The Paradies-Monument near Heilbronn is a megalithic structure 440 meters (1,443 feet) long that resembles a keyhole from the sky. The center line of its symmetrical axis is perfectly aligned to the sunrise at the Winter Solstice, when the day is the shortest of the year and the longest night - indeed a very sacred time for our ancient European ancestors, not the least in the Germanic lands. There are straight, smooth rock walls linked perfectly in angles and running between 20 and 60 meters (65-196 feet) in length.

On the front of the long wall is a triangular portal that has been cut perfectly into the rock. Similar designs abound throughout many other megalithic sites throughout the world. Perhaps exhibiting an advanced knowledge of mathematics? Recreating one of the phosphenes or thought constants already existent in the human mind? The latter likewise abound throughout many of the Megalithic sites and cave art, symbols conveying deeper truths such as cyclical time and birth-death-rebirth.






In any case, the site also appears to have a dolmen - a single-chamber megalithic tomb with at least two vertical stones supporting a large flat horizontal table, similar to Pi π - and a ramp. Half upwards this ramp are the remains of what appears to be a sarcophagus. It also contains an Omphalos - a stone "navel" artifact. In the later Roman era, a Mithraeum - a temple where initiates worshipped the god Mithras - was also erected over the site. Thus, we see a continuity from the earliest pre-Germanic era, to our Germanic ancestors who migrated into our Schwaben from the northeast, and then the Roman era which came full circle with Mithraism containing many of the same basic truths common to all our Indo-European spirituality.

Within my own ancestral Ostalbkreis region of eastern Württemberg, Schwäbisch Gmünd contains a complex of caves, one of whose chambers was a Mithraeum whose axis is oriented to the sunrise at Midwinter. One of its smooth rock walls has the center image of an eagle, with birds being symbolic of the winged psyche or released soul. The Greco-Roman tradition, as well as the Eastern Mysteries it absorbed such as through the Roman Mithraism, had the sacred idea of the eagle or phoenix. Within our Schwaben, there is the interplay of Celtic and Germanic mythologies wherein both have the idea of the raven carrying the souls of those fallen on the battlefield. Ravens were closely associated with our allvater Wotan, so the symbolism of a bird representing divine power seems to be innate.

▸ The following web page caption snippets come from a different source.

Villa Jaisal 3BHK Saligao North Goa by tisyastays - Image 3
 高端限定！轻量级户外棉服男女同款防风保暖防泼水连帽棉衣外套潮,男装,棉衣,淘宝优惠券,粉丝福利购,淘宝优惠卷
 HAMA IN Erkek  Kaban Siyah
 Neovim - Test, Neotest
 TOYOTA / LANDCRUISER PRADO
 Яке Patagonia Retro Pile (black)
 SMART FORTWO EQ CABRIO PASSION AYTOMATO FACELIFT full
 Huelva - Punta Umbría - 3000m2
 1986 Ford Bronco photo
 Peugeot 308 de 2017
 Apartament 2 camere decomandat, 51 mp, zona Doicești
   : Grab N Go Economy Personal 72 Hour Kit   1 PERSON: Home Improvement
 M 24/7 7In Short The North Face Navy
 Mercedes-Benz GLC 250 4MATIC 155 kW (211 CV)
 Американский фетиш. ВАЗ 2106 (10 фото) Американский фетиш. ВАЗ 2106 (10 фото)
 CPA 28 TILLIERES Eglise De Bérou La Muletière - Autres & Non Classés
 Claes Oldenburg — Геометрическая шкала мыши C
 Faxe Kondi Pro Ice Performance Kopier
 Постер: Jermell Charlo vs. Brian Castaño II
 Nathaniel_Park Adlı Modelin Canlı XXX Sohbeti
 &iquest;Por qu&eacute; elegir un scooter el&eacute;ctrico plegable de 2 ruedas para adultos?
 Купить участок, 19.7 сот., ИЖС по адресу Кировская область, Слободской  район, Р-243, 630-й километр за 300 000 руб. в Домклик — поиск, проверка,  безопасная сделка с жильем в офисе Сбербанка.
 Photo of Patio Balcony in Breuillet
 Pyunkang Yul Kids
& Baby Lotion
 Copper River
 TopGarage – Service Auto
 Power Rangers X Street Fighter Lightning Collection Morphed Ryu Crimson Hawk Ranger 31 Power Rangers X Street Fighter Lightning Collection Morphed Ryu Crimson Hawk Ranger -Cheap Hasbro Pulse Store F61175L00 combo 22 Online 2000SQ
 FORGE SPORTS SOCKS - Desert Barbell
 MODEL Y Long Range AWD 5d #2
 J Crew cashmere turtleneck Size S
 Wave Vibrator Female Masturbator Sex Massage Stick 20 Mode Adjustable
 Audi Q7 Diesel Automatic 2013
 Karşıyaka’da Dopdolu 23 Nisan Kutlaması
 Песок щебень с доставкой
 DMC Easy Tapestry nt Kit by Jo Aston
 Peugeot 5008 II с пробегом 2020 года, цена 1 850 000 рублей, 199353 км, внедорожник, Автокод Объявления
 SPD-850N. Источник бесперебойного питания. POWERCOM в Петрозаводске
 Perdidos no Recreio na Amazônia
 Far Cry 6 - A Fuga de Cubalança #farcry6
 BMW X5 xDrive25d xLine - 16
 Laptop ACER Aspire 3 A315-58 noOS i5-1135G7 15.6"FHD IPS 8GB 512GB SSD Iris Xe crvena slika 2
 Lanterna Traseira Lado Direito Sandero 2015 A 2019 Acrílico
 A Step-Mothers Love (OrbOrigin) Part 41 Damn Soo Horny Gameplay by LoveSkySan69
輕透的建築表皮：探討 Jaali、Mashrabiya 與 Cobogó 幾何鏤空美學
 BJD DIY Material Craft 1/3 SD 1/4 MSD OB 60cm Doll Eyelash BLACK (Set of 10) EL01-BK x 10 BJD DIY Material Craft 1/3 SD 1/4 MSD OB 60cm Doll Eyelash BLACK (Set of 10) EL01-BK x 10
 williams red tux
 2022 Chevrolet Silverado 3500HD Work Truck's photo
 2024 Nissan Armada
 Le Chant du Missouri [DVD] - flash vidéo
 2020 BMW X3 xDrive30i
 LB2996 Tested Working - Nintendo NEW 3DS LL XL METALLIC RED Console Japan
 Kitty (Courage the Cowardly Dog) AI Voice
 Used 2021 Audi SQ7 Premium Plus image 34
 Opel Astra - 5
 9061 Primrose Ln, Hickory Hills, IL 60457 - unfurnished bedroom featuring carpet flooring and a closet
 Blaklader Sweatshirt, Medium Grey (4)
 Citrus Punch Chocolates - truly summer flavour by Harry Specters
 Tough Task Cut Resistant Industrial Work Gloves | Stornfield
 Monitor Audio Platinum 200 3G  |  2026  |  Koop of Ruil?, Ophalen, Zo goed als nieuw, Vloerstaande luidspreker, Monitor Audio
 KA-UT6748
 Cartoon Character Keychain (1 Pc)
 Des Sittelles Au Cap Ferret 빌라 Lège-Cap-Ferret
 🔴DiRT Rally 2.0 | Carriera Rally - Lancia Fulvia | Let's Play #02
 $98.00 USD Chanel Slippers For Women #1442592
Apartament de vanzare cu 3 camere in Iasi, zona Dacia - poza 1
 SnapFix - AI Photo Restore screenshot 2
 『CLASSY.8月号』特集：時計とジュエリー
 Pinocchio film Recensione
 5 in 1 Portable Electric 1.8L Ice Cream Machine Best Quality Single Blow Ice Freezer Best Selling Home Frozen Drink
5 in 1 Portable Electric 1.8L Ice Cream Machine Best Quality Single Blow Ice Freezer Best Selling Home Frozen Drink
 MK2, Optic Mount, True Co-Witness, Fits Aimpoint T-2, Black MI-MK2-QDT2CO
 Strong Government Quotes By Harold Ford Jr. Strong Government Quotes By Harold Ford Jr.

The Steingrube of Schmie near Maulbronn, contains walls and portals of passage-graves, some with steps and others attached to a rock wall. They appear similar to cairns and burial mounds elsewhere in Europe, including to many in Celtic Brittany or the ancient Etruscan necropolis of Cerveteri near Rome. The Steingrube includes at least 18 cairns and four visible portals of passage-tombs, which all seem to be connected like a wall 20 meters high with stepped walls stretching 700 meters long. The average length of each individual cairn is 80 meters. Concentric walls enclose the burial chamber in the center and supporting the entire structure's stability; concentric circles and spirals likewise in the various megalithic sites worldwide but especially in Europe. There also seems to be a stylized horn on one of the rock faces, so perhaps the common Indo-European archetype of the bull and cow?